# Stock management suggestions



## monktus (Mar 27, 2007)

I've been looking for a stock management script and would appreciate some suggestions. I've been searching SourceForge and have tried a couple of scripts (OpenTaps, which I found to be a bit clunky, and Inventory Management Software, which looked to do what I needed however I haven't managed to successfully install it and the lack of information about it on the website worried me slightly). What I need is a server based script to:

Allow stores to record sales and count stock (doesn't need to be tied into a till system)
Allow me to record incoming stock to head office, stock transfers and produce sales reports

Many of the server based applications I've seen are basically accounting packages with inventory management tacked on, and while something like this would be acceptable if it does the job, I'd rather have something that just deals with stock.

Ideally I'd like something open source, however commercial software is also fine as long as it's not too expensive (we had a bespoke quote of about £1000). Also, while client/server software would be ok, I'd prefer something web based (server and client machines are all running Windows so ASP is do-able as well as PHP/MySQL etc.).

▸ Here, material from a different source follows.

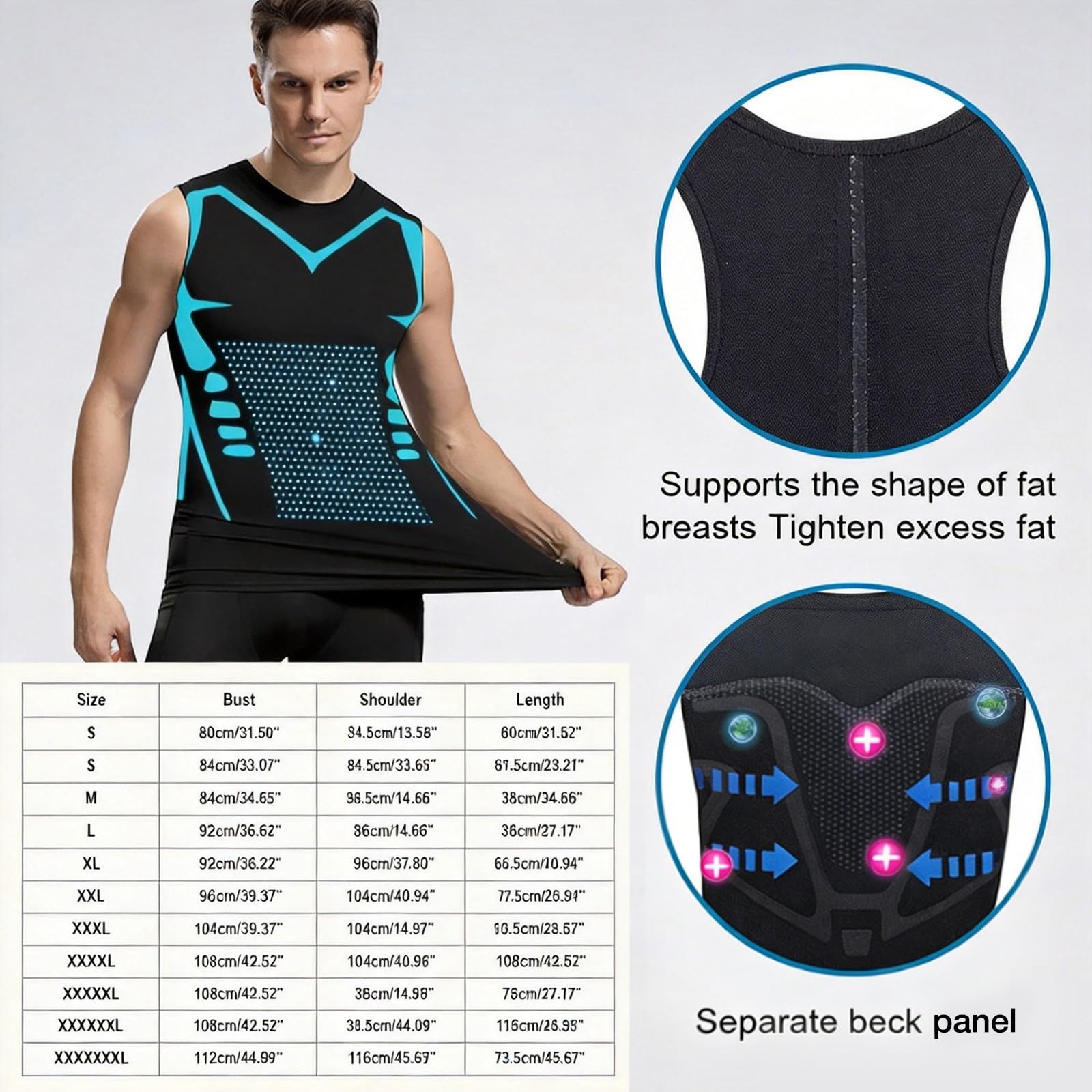 Canotta Compressione Uomo-Canottiera Contenitiva Uomo Palestra Snellente Modellante Dimagrante Shapewear Intimo Senza Maniche Tank Bodybuilding Sportivo Fascia Pancia Traspirante S-6XL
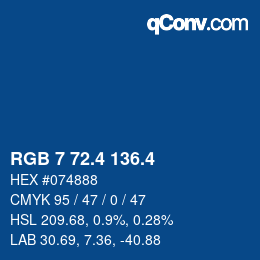 カラーコード: RGB 7 72.4 136.4 | qconv.com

As I said I've been having a look on SourceForge and Google but any recommendations would be useful. Thanks.


----------



## ksv (Apr 18, 2007)

I don't have any software to recommend but I might be able to develop a custom solution within that budget, depending on exact specs and code reusability. The cost would be for the development itself and the code would be distrubuted as open source afterwards if okay'ed.


----------